_RECORDS SUPPLIED_
------------------------------------------------------------------------

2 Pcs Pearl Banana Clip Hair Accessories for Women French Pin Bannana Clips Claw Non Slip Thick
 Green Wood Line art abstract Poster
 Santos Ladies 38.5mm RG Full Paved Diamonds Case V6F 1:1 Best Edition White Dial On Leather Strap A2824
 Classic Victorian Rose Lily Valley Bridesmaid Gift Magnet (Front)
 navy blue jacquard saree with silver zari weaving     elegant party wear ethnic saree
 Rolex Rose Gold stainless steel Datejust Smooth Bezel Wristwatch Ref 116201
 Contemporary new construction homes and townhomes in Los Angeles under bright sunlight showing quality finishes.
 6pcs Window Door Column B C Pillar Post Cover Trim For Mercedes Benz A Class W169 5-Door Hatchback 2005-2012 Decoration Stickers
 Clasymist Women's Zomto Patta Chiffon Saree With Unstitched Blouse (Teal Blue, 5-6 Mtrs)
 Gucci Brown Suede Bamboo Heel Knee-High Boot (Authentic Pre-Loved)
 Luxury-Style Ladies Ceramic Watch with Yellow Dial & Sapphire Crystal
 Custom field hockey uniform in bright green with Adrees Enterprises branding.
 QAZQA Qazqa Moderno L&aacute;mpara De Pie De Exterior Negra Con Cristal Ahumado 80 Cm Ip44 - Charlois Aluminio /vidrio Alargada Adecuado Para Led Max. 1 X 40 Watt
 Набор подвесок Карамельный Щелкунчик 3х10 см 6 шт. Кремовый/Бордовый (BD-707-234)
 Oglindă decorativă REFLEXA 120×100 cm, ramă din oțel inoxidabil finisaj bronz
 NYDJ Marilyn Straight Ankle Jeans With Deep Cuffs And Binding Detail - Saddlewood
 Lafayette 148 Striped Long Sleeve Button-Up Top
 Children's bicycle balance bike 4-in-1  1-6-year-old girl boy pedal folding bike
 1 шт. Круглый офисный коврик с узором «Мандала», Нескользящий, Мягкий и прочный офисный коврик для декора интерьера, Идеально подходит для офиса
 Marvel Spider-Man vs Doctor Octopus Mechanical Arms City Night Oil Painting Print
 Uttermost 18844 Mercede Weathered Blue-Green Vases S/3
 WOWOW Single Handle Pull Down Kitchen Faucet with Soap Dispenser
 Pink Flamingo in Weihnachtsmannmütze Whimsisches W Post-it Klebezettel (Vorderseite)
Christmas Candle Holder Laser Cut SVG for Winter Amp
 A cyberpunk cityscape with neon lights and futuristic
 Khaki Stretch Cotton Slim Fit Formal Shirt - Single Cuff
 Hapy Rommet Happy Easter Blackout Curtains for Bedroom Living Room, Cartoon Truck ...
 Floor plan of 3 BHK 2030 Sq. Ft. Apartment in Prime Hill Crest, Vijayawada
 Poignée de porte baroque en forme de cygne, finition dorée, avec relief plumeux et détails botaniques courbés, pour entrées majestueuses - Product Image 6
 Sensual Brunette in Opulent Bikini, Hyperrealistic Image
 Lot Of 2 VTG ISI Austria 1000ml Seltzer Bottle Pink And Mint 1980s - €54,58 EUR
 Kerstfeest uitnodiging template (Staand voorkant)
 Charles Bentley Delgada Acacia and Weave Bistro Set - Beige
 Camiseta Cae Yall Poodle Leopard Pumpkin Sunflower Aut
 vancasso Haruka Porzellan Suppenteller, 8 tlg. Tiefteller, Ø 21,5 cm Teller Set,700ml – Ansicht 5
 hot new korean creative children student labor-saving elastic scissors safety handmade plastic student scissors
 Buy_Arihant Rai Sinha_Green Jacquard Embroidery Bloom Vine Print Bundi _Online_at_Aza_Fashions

------------------------------------------------------------------------

_BRIEF_
Output the lines from the one with "Sensual Brunette in" through the end of the records above, exactly, including both ends, and nothing besides.

_OUTPUT FOR THIS EXERCISE_
 Sensual Brunette in Opulent Bikini, Hyperrealistic Image
 Lot Of 2 VTG ISI Austria 1000ml Seltzer Bottle Pink And Mint 1980s - €54,58 EUR
 Kerstfeest uitnodiging template (Staand voorkant)
 Charles Bentley Delgada Acacia and Weave Bistro Set - Beige
 Camiseta Cae Yall Poodle Leopard Pumpkin Sunflower Aut
 vancasso Haruka Porzellan Suppenteller, 8 tlg. Tiefteller, Ø 21,5 cm Teller Set,700ml – Ansicht 5
 hot new korean creative children student labor-saving elastic scissors safety handmade plastic student scissors
 Buy_Arihant Rai Sinha_Green Jacquard Embroidery Bloom Vine Print Bundi _Online_at_Aza_Fashions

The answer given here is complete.